In case the sample assignment is not in the barcode (stored as different files for example), leaving the sample_regex variable as NULL should be enough.

Libraries

We need to have data.table, DropletUtils and the Matrix packages installed. DropletUtils is available on Bioconductor, while both data.table and Matrix are available on CRAN.

library(data.table)
library(DropletUtils)
library(Matrix)

Function definition

These are the functions that will do the work for us, so we have to load them.

#' clean original data.table CSV column names
#' 
#' Removes sample information from column names.
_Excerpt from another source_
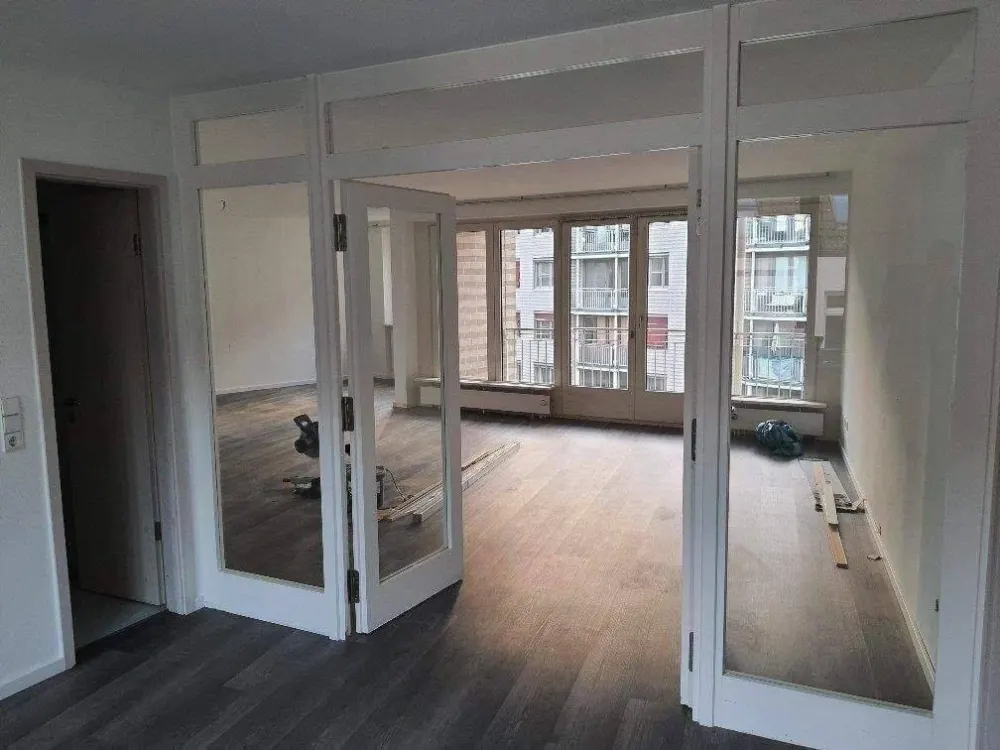 ABC Straße 44-46 - 2,5 Zi.-Whg. - 4. OG - Balkon - 1a Lage - Concierge 7/24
It modifies in place!
#'
#' @param dt 
#' @param sample_barcode_tab 
#'
clean_dt_colnames <- function(dt, clean_barcodes) {
  setnames(dt, base::colnames(dt), clean_barcodes)
}

#' make sample <-> barcode table
#'
#' Extracts sample name from "sample_barcode" encoded column names in csv table. 
#' Creates table with barcode - sample association.
#' Users should manually check if the regex is correct for the particular dataset
#' being demultiplexed.
#'
#' @param dt data.table original csv/tsv dataset
#' @param sample_regex chr regex to parse column names for sample and barcodes
#'
#' @return data.table
#'
make_sample_barcode_tab <- function(dt, sample_regex = NA) {
  samp_bc <- colnames(dt)

  if (!is.na(sample_regex)) {
    sample_names <- gsub(sample_regex, "\\1", samp_bc)
    barcodes <- gsub(sample_regex, "\\2", samp_bc)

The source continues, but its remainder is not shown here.